### Assigned task
Down to the last line below, write out every line exactly, starting with the one that contains "Armored core" and leaving out the pictures.

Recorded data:

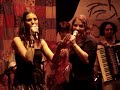 Bicho de P� ao Vivo no Canto da Ema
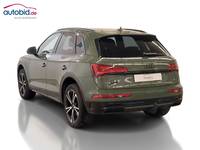 Pogled od pozadi levo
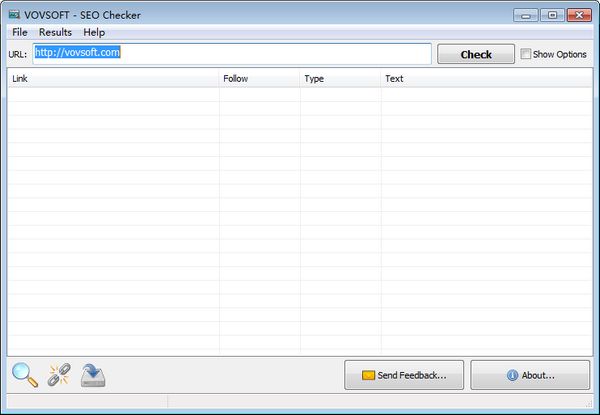 SEO Checker(SEO分析工具)最新版下载_SEO Checke绿色版下载5.1
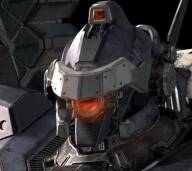 Armored core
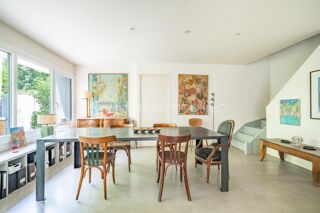  Maison à vendre 5 pièces 150 m²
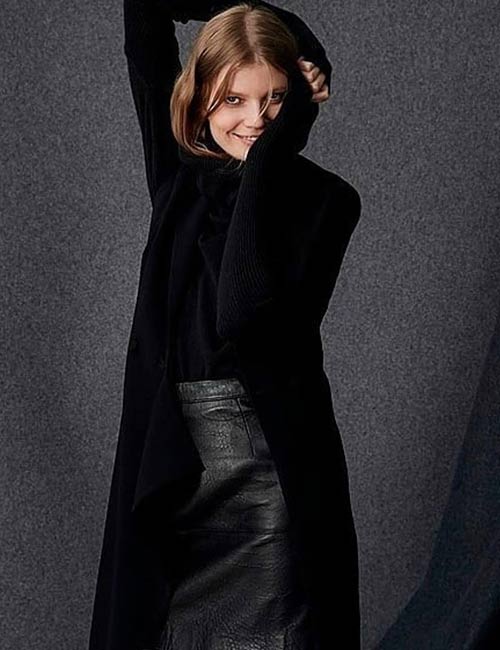 Outfit For Work Outfit For Work - All Black Outfits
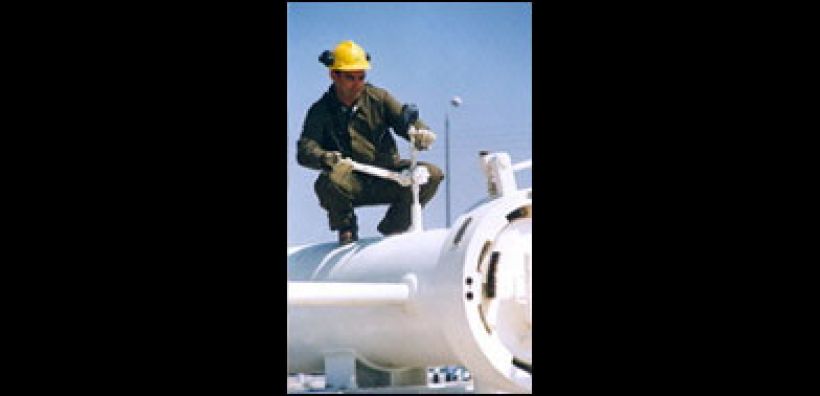 Μιχάλης Καϊταντζίδης: H Chevron στη Βουλγαρία για αέριο σχιστολίθου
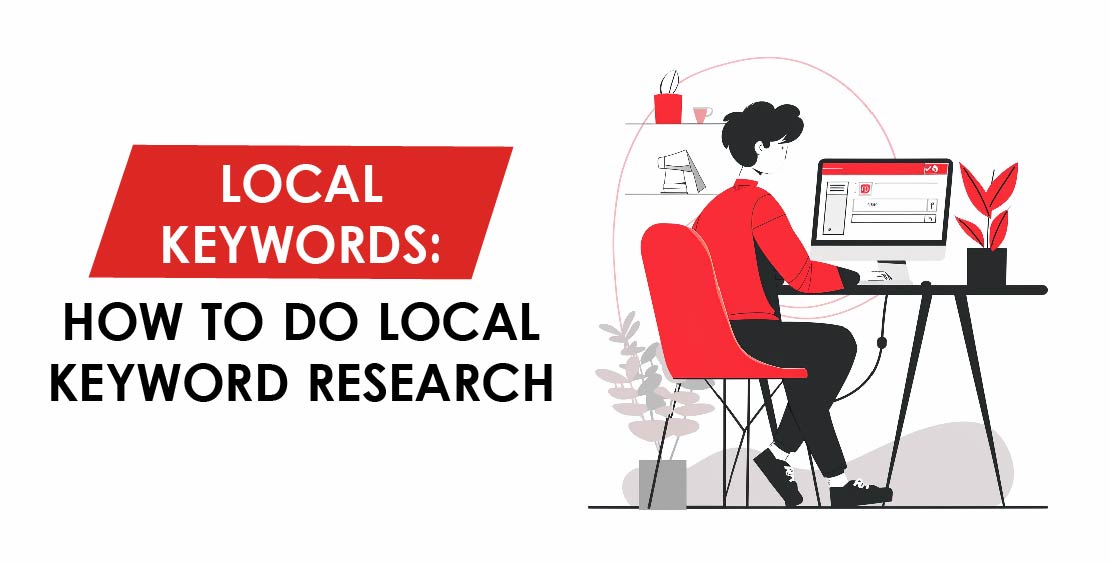 Local keywords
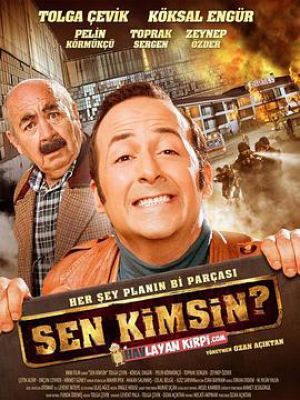 Sen Kimsin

### Solution for this exercise
 Armored core
  Maison à vendre 5 pièces 150 m²
 Outfit For Work Outfit For Work - All Black Outfits
 Μιχάλης Καϊταντζίδης: H Chevron στη Βουλγαρία για αέριο σχιστολίθου
 Local keywords
 Sen Kimsin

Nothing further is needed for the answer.